Security footage of an armed bank robber July 14 at the US Bank, 4725 N. Western Ave. | FBI

Security footage of an armed bank robber July 14 at the U.S. Bank, 4725 N. Western Ave. | FBI

It can be tough to make ends meet when you’re a senior, so perhaps David Walsh recognized a kindred spirit when he allegedly suggested a way they could both make some cash: rob a bank.

Unfortunately, the 71-year-old Walsh’s acquaintance didn’t share his enthusiasm when they discussed the proposal at a North Side senior rec center on July 13, according to federal prosecutors. Perhaps that’s because the other man happened to be an undercover government informant.

Walsh, who allegedly chose to go solo in a how-not-to-rob-a-bank misadventure, is due in court Wednesday at the Dirksen Federal Building.

Walsh, who lives in the city, is charged with the July 14 armed robbery of a U.S. Bank at 4725 N. Western Ave. in the Lincoln Center neighborhood, according to a criminal complaint filed in U.S. District Court.

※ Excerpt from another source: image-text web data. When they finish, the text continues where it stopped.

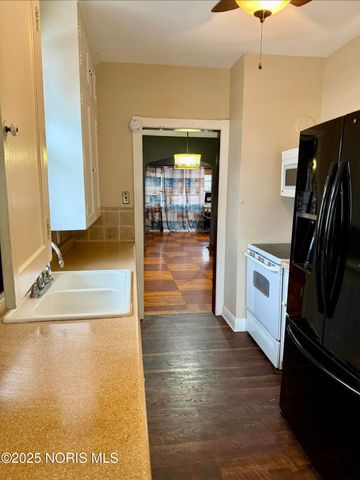 702 Colima Drive, Toledo, OH 43609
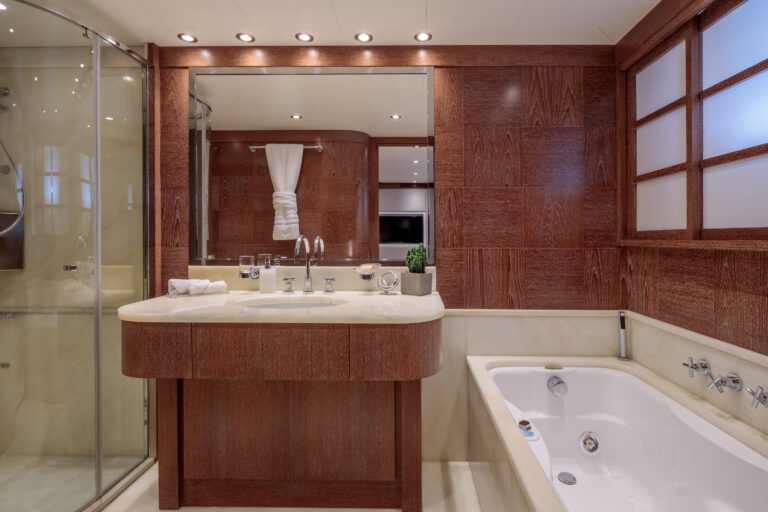 Master Ensuite
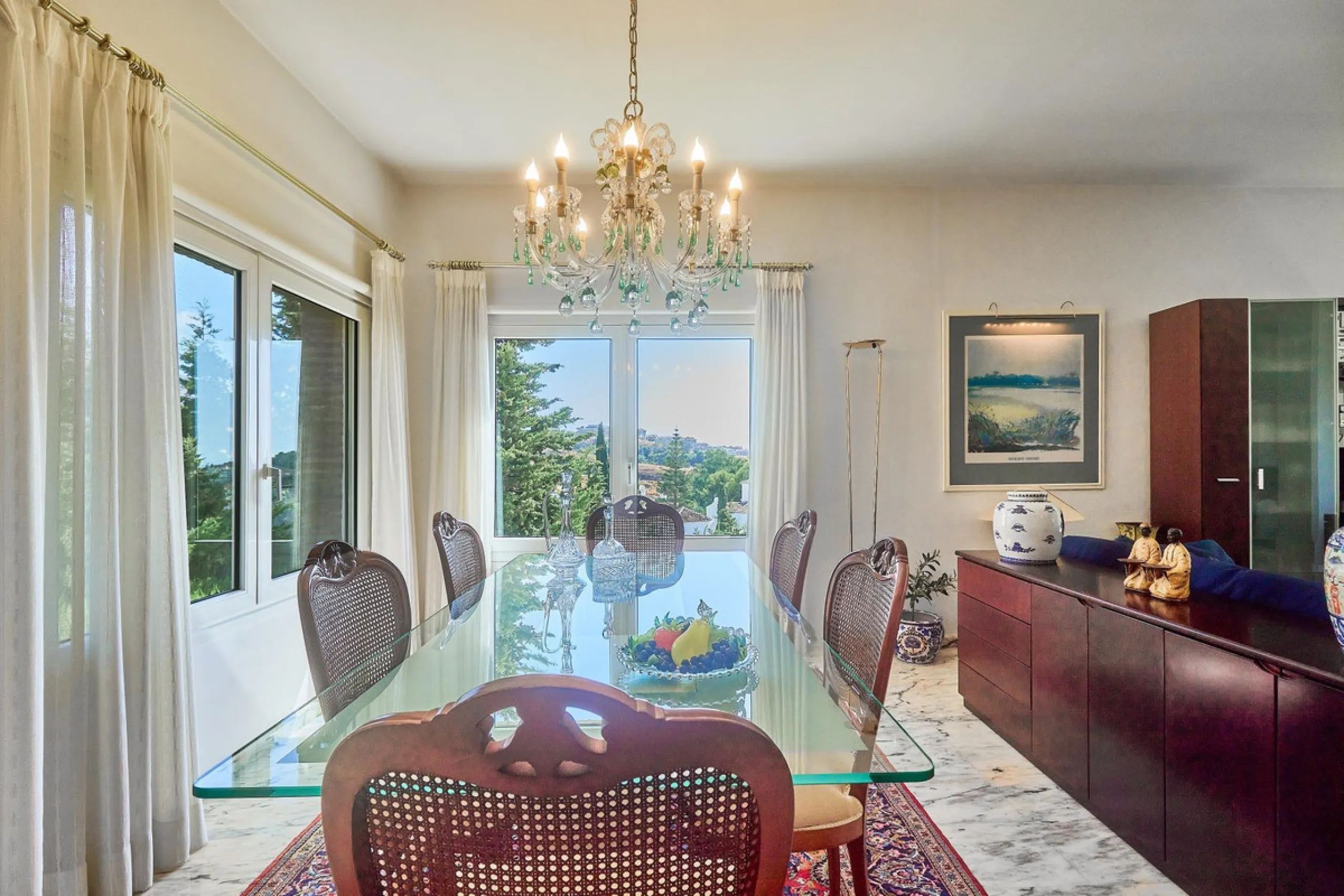 Discover this exceptional detached villa located in the desirable Carretera de Mijas area. With a generous build size of 483 m2 and set on an expansive plot of 833 m2, this property is just a short walk (2500 meters) to the stunning beach. The home featur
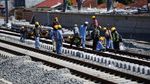 Pastikan Pemasangan Presisi, Rel Kereta Cepat Dilakukan Fine Adjustment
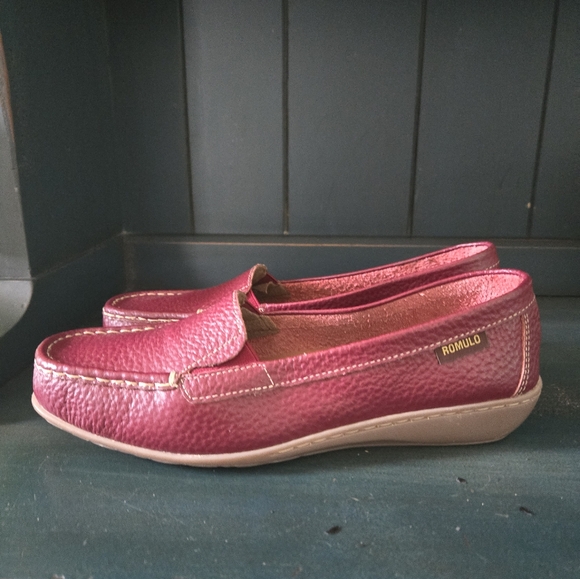 Slip on shoes - Picture 4 of 5
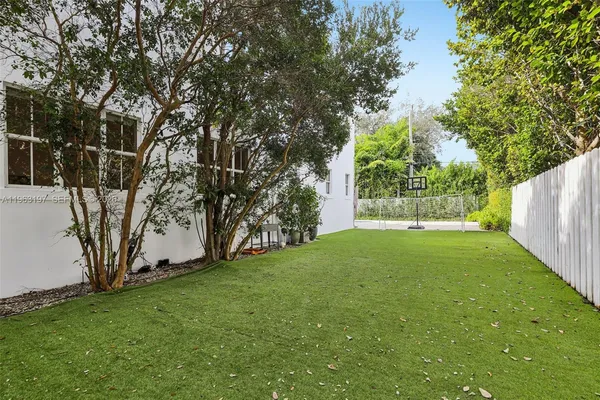 $26,000 | High Pines, Miami, FL 33143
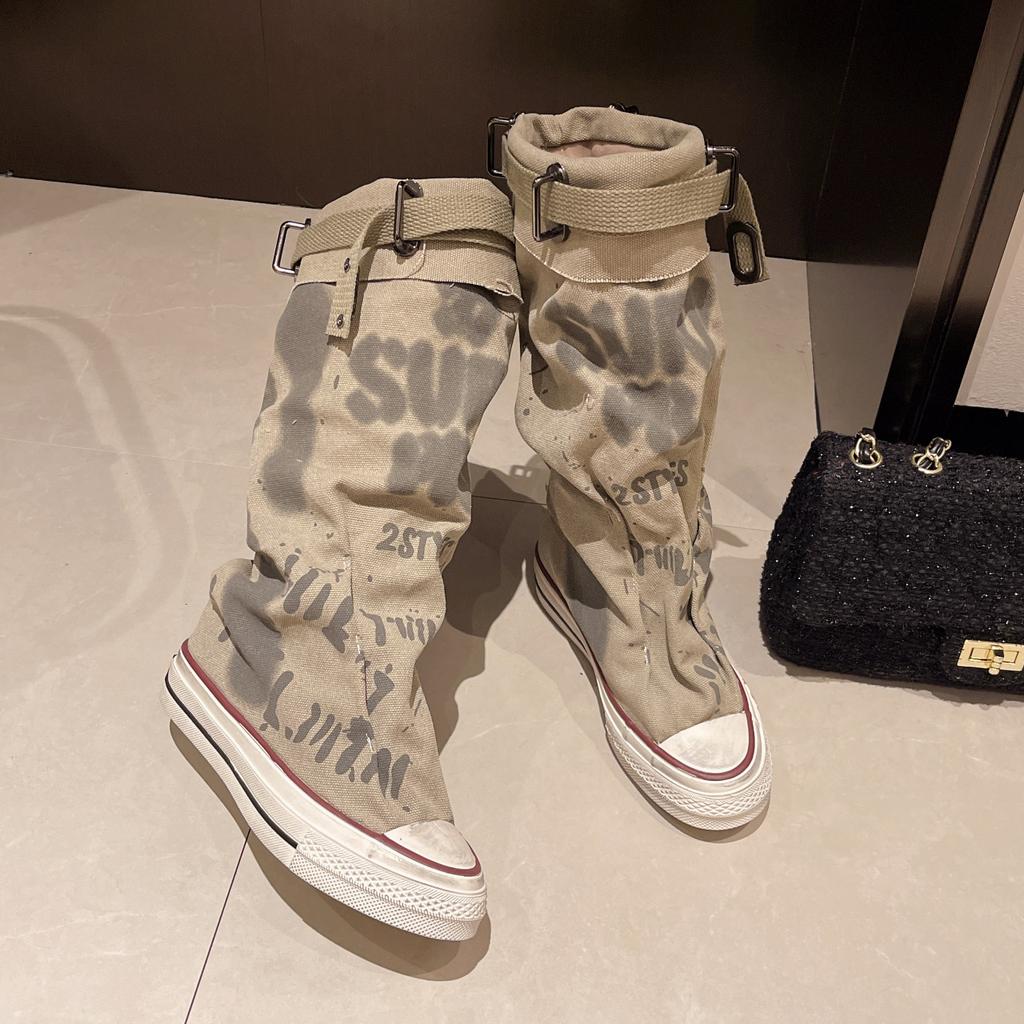 Wasteland wind niche graffiti canvas trousers boots women's 2024 new board shoes ins tide fried street middle tube pile boots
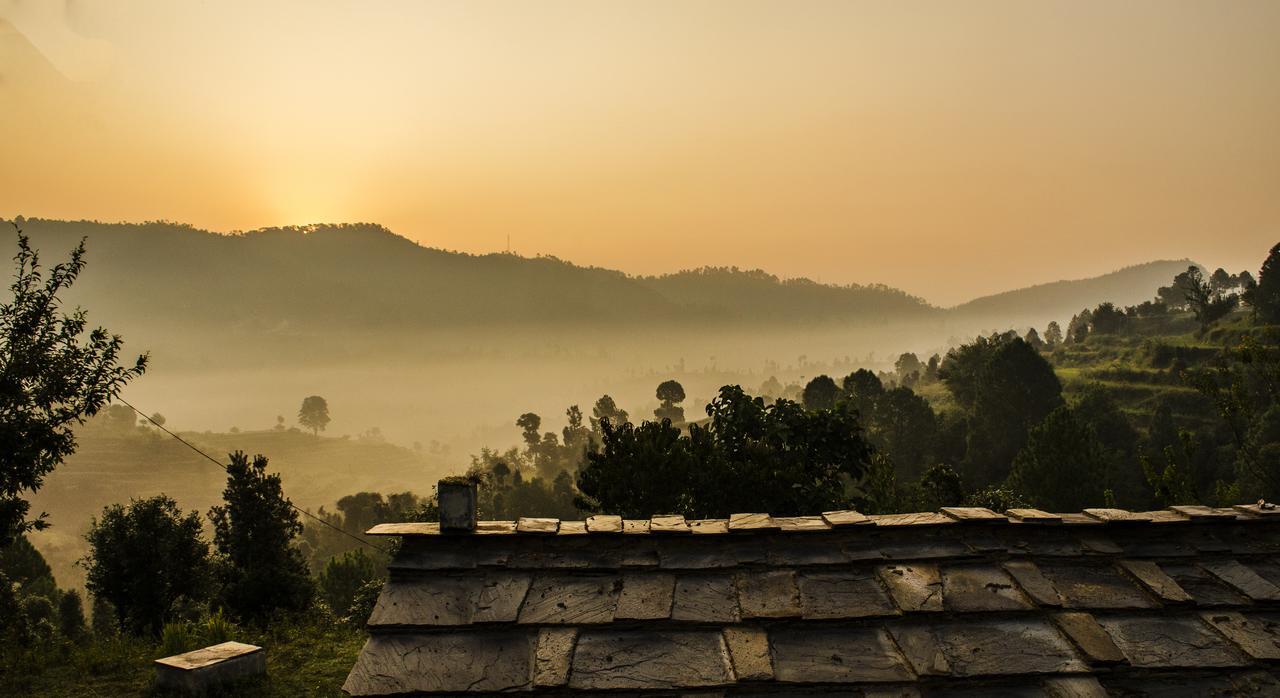Thikalna Himalayan Retreat Villa อัลโมรา ภายนอก รูปภาพ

Walsh, wearing a “clown mask” and brandishing a revolver, made off with $3,700, prosecutors said.

Then things went very wrong.

Walsh slipped into an alley near the bank, peeling off his mask and changing clothes — all of which was caught on a video surveillance camera, prosecutors say.

Walsh then used a Ventra fare card — registered in his own name — to board a train at the Brown Line’s Western stop. That too was captured by surveillance video, prosecutors say.

Six days later, the confidential informant Walsh met at the rec center went to the authorities. The informant described how Walsh had suggested robbing a bank, then talked about making more money by doing “smaller, quick jobs,” according to the complainant.

It’s unclear from the complaint how the informant happened to be at the rec center or how he encountered Walsh.

Walsh showed the informant a bag containing, among other things, a “big black revolver in a holster,” prosecutors say.

Walsh approached the informant twice more at the rec center — both times after the July 14 bank robbery. The informant turned down an offer to act as a getaway driver, prosecutors say. But the informant agreed to drive Walsh around so that Walsh could “mark a spot.”

On July 24, federal agents secretly followed Walsh and the informant driving a car toward a branch of TCF Bank in the 4900 block of North Milwaukee. They watched, as Walsh got out of the car, change his clothes and put an “object in the front waistband of his pants.”

Shortly after the car arrived at the bank, federal agents swooped in and arrested Walsh.